Well, as far as he's concerned the answer is yes, so he invented "the first carbon commuter bike on the market:"
Which is emphatically not the first crabon bike on the market, and he'd better be careful because Specialized is liable to sue him for making that claim:
Nevertheless, he maintains that his bike is "revolutionary:
"What's revolutionary about the Rogue is the bike itself weighs 20 and a half pounds, which is unheard of for a commuter bike."
This is emphatically not unheard of for a commuter bike--or for a flat bar "cyclecross" bike (or what we used to call a "hybrid" back in the '90s), which is basically what this is:
Also, it's made of you-know-what:
"It's made out of carbon. Carbon compared to alloys is approximately seven and a half times stronger, but is usually somewhere in the region of about 50 or 60 percent lighter."
Which alloys exactly? There are many. This is like saying "apples are approximately five times more delicious than melons."
But it's not just the crabon and the low weight that make this bike revolutionary. It's also got something else:
"Most bikes on the market right now are using a technology that's over 100 years old, which is a chain."

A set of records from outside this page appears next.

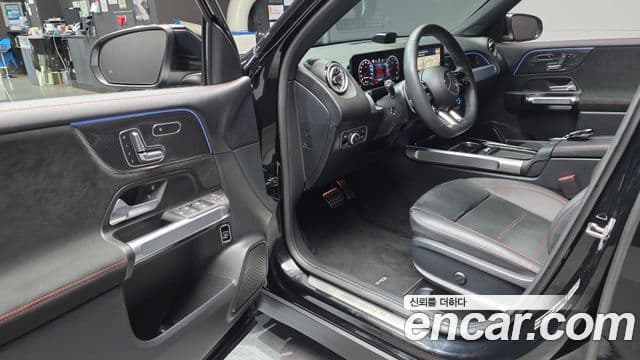 Mercedes-Benz GLB-Class 2025 — фото 10 из 20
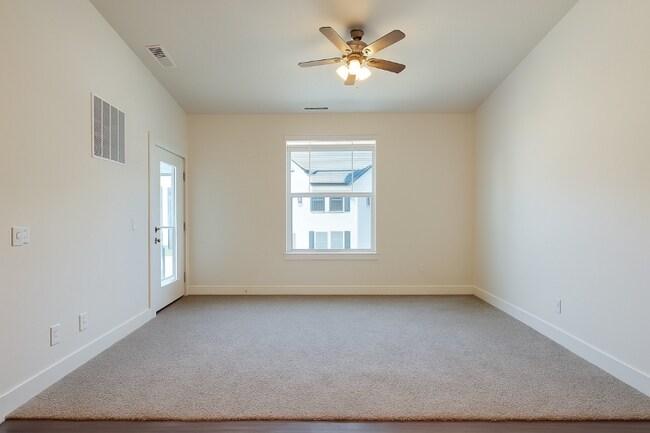 Foto del edificio - 4777 Alder Dr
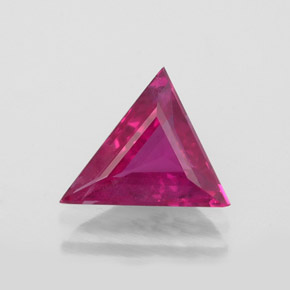 1.36カラットの天然バイオレットレッドルビー（8.1×8.1 mm・トリリアント）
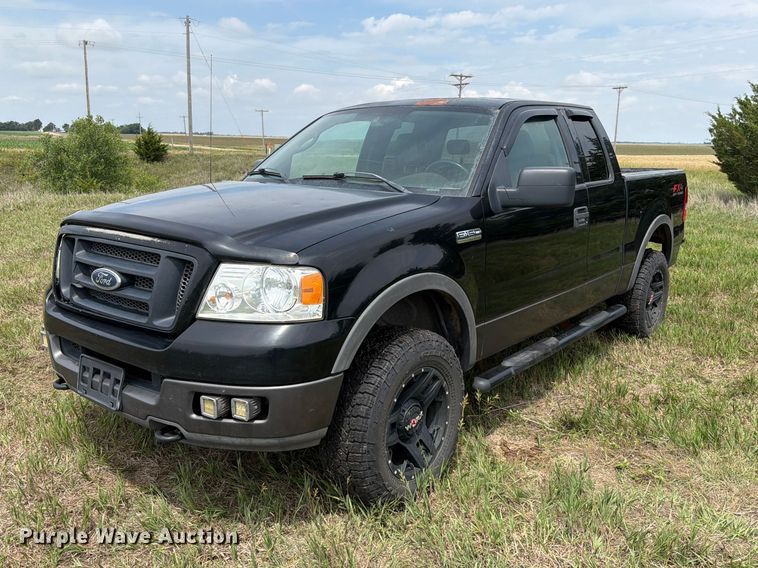 image for item NA9399 2004 Ford F150 Ext. Cab pickup truck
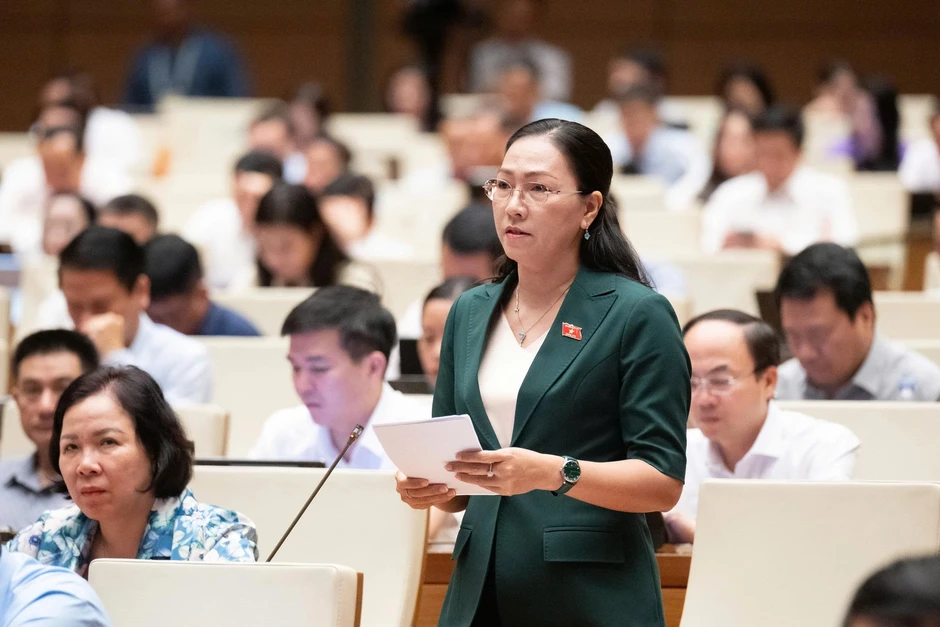 Sức ép tự chủ khiến bác sĩ giỏi tìm đường lên thành phố, mở phòng khám tư Sức ép tự chủ khiến bác sĩ giỏi tìm đường lên thành phố, mở phòng khám tư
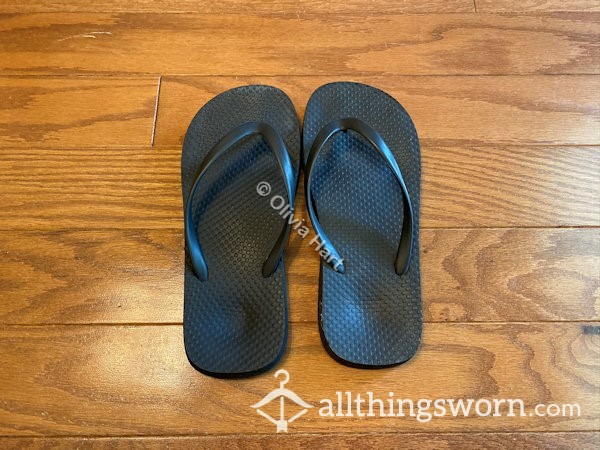 Black Flip Flops 01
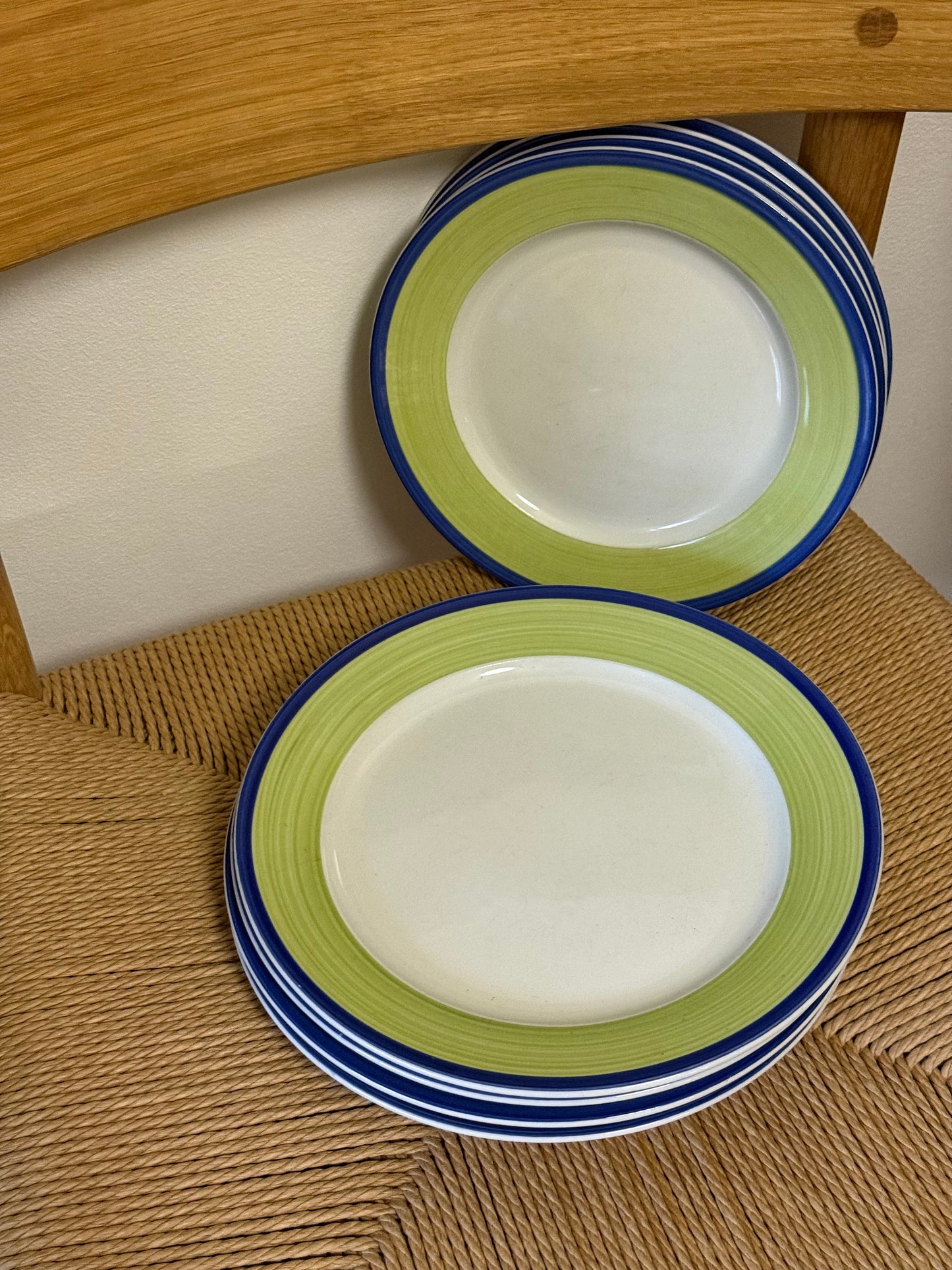 Frokost og middagstallerkener med grøn og blå kant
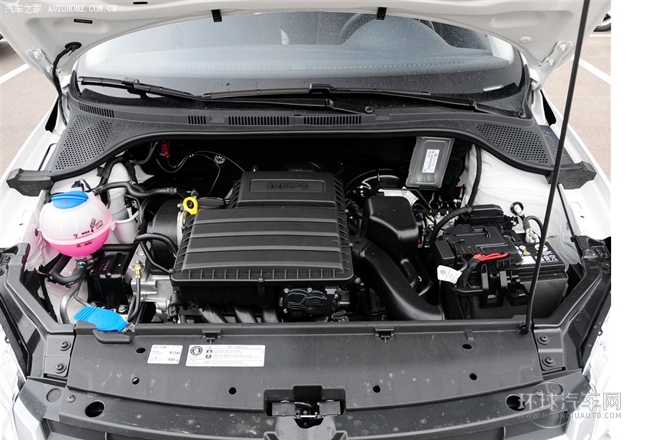 2015款 1.6L 手動(dòng)風(fēng)尚版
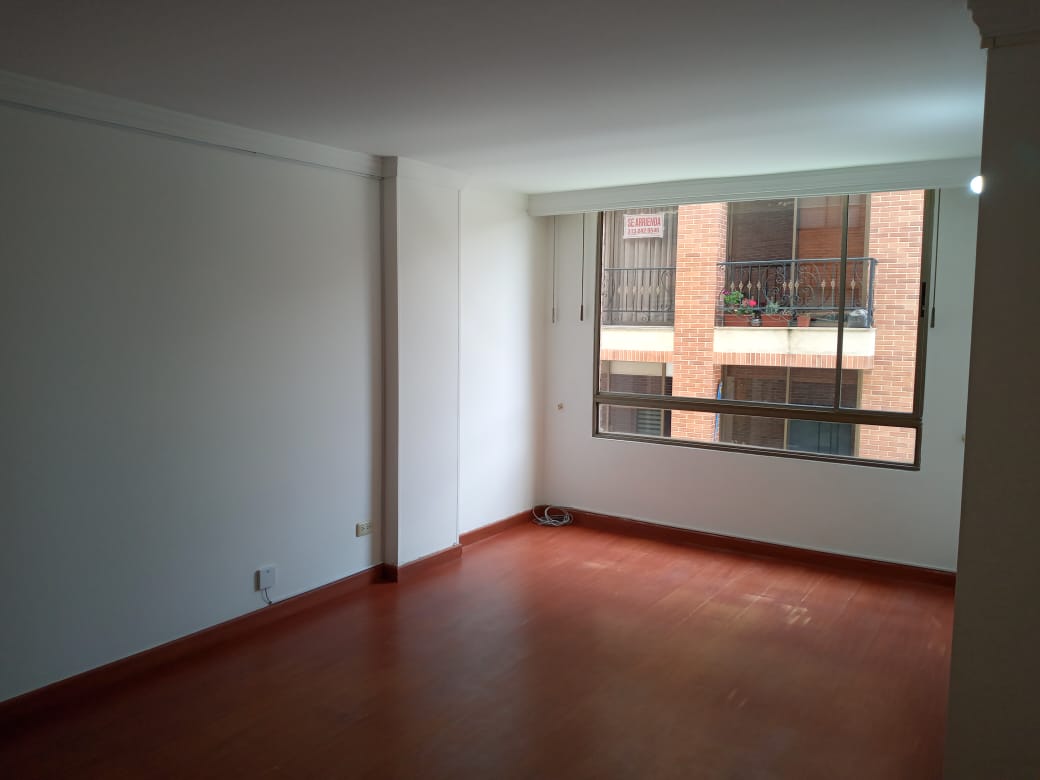 Apartamento interior iluminado de 60 m2 en El Batan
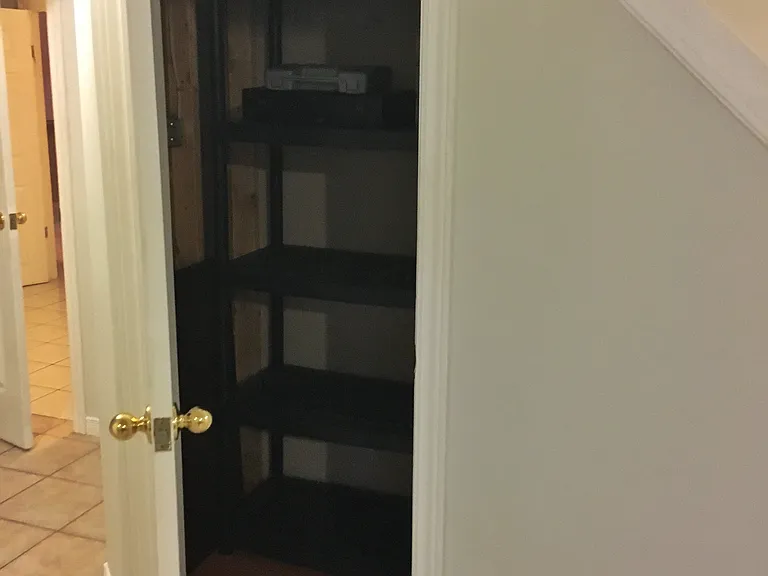 885 Runningbrook Dr #BASEMENT — Photo 7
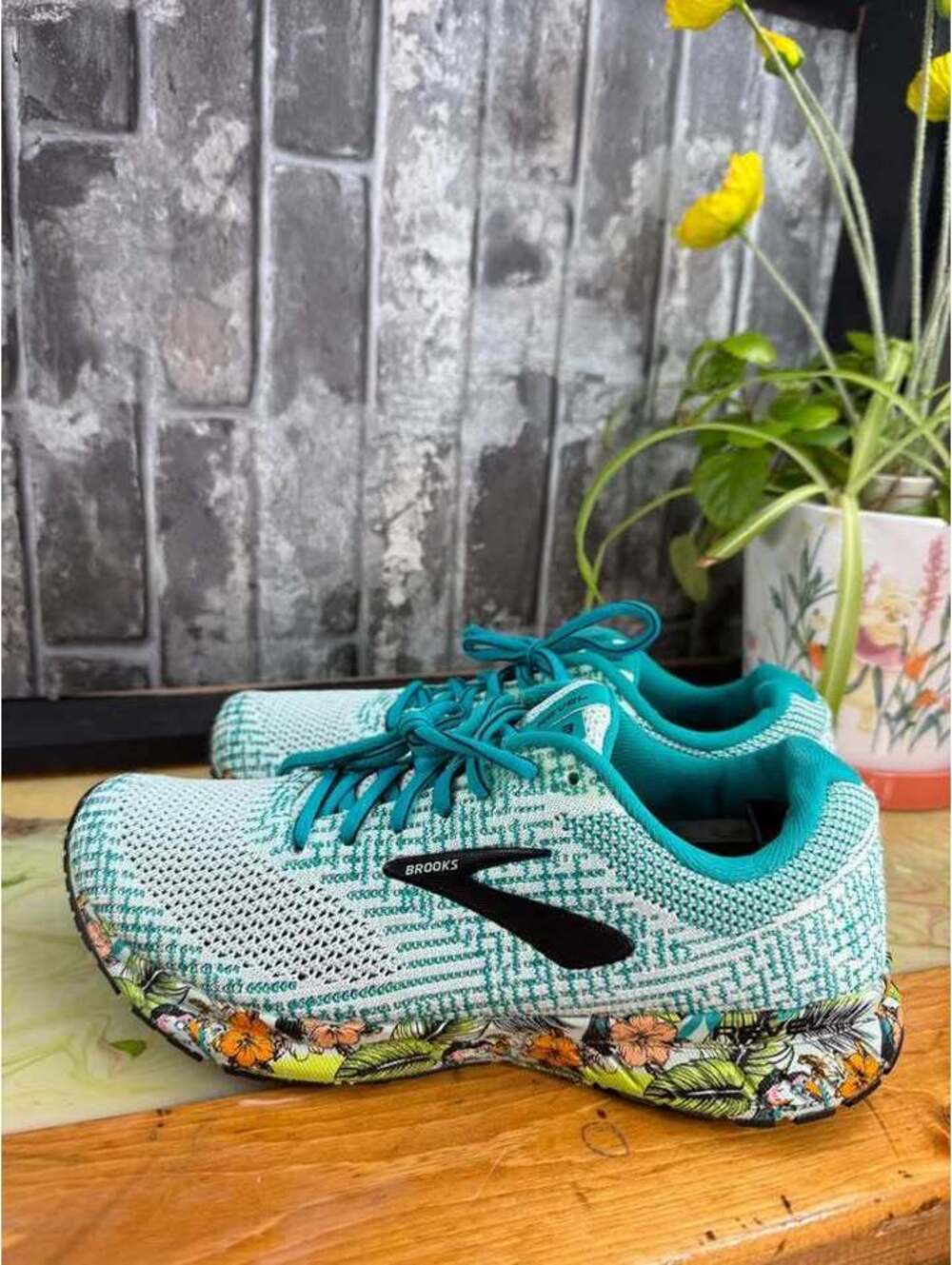 ๐บ๐ฅ LIMITED EDITION BROOKS REVEL 3 TROPICAL COLLECTION ๐ฅ๐ด - Picture 2 of 8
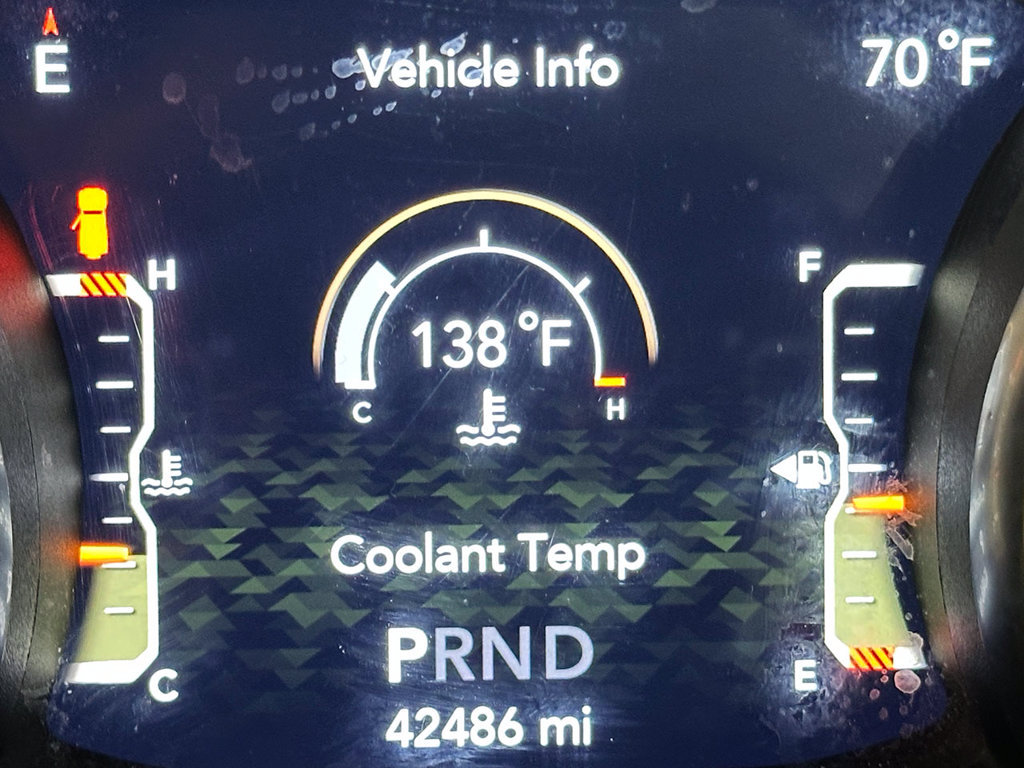 Used 2022 Jeep Wrangler Unlimited Sahara w/ LED Lighting Group AWD/4WD image 6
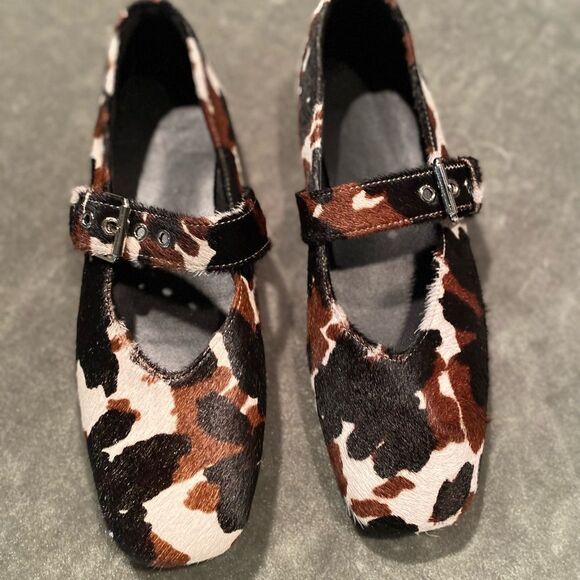 BOUTIQUE Vegan Cowhide and Leather Mary Jane Flats - Picture 4 of 8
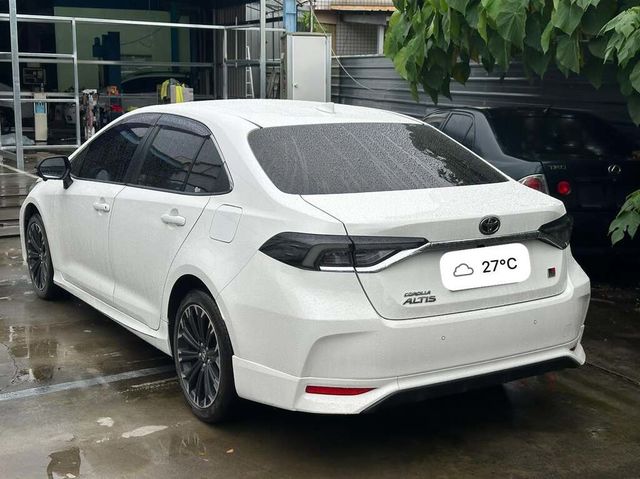 TOYOTA豐田 ALTIS  第2張相片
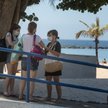 Wyspy Kanaryjskie: Maseczki nawet na plaży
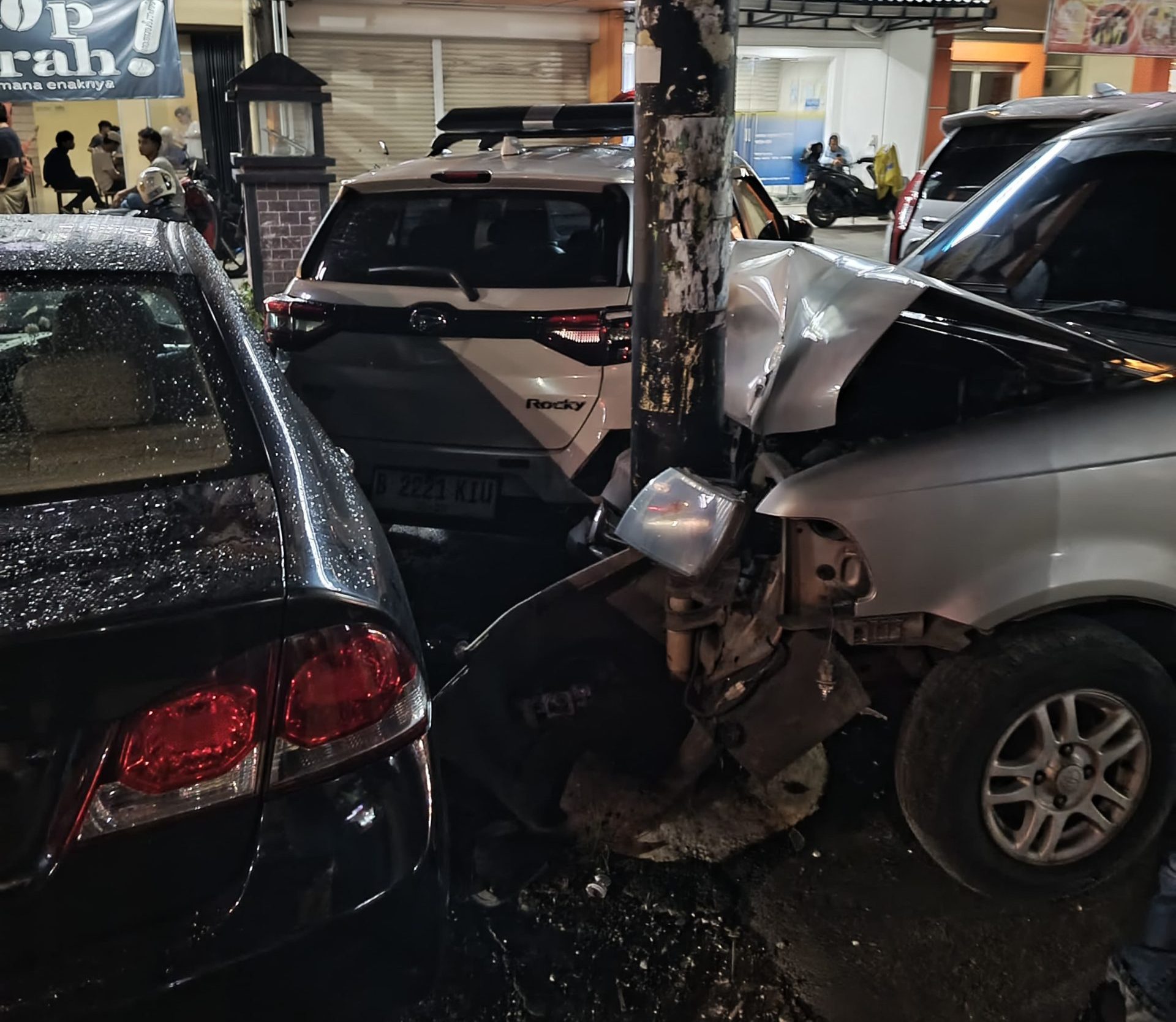 Kota Bekasi - Kecelakaan di Jalanh Raya Perjuangan depan Perumahan Wisma Asri, Bekasi Utara, Selasa (6/5/2025). Foto: Gobekasi.id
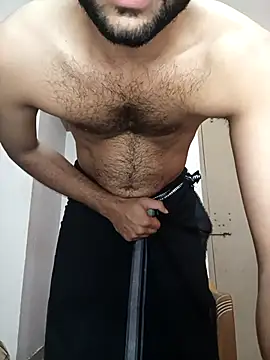 Snapshot of Vignesh3246 chatting on 10-11-25, 04:08 Vignesh3246 online show from 10-11-25, 04:08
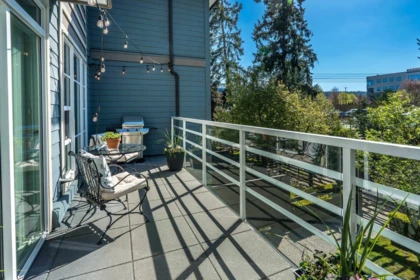 Entry Foyer Photo of 64 15405 31 Avenue, Surrey, BC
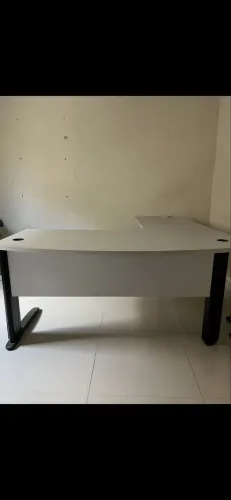 Mesa de escritório em L
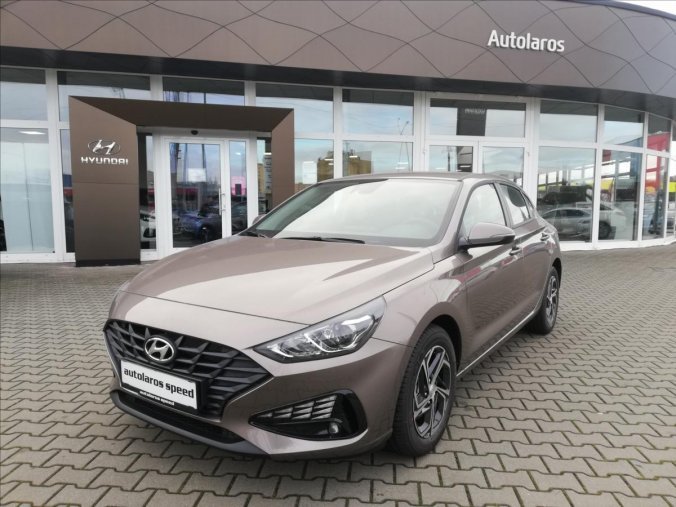 Hyundai i30, 1,0 T-GDI 88 kW (95 NAT) 6 st. man, barva bronzová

Yeah, you know what's coming. Come on, it's Rule #1 in the "Reinventing the Hybrid" handbook! Let's all say it at the same time:
("Carbon! Belt! Drive!")
Which is also the "same apparatus that's used on motorcycles and some of the heavier industry type vehicles like combine harvesters..."
Yeah, that's right. Combine harvesters:
That's exactly like a bicycle.
Also, the bicycle chain may be well over 100 years old, but technically so is the belt drive bicycle, which was first patented in 1890:
Instead of using sprocket-wheels upon the driving-axle and rear axle, as has heretofore been the almost universal custom in Safety bicycles, I use pulleys having V -shaped grooves upon both of said axles and transmit Fig. 4, 6251- 'iCO 1 edges-inclined toward each other to correspond with the V-shaped grooves in the driving and driven pulleys,the engagement of the belt with the pulleys being wholly with its edges.
I'm just saying, that's all.
And that's not all, either. Where would you be (literally) without GPS?
"The first GPS system is an application that you download on your phone. That basically gives you things like speed, cadence, elevation, and it shows you the map of your area so you can pretty much track your rides and you can share them with various people..."
So, basically, Strava.
And it's also got the theft-tracking device you've now come to expect from Kickstarter:
"The second part of the GPS is more for safety. So if you park your bike or lock it and it gets stolen, you can basically go back onto your phone, send your bike an SMS asking where it is, it'll send back location..."
In other words, you send a message to your bike:
And you get a reply:
Amazing.
Also the bike has built-in lights, yada yada yada, but most importantly it has Futuristic Space Fenders:
I like how the rear one provides 100% protection to the rider behind you, while simultaneously offering 0% protection to your own ass.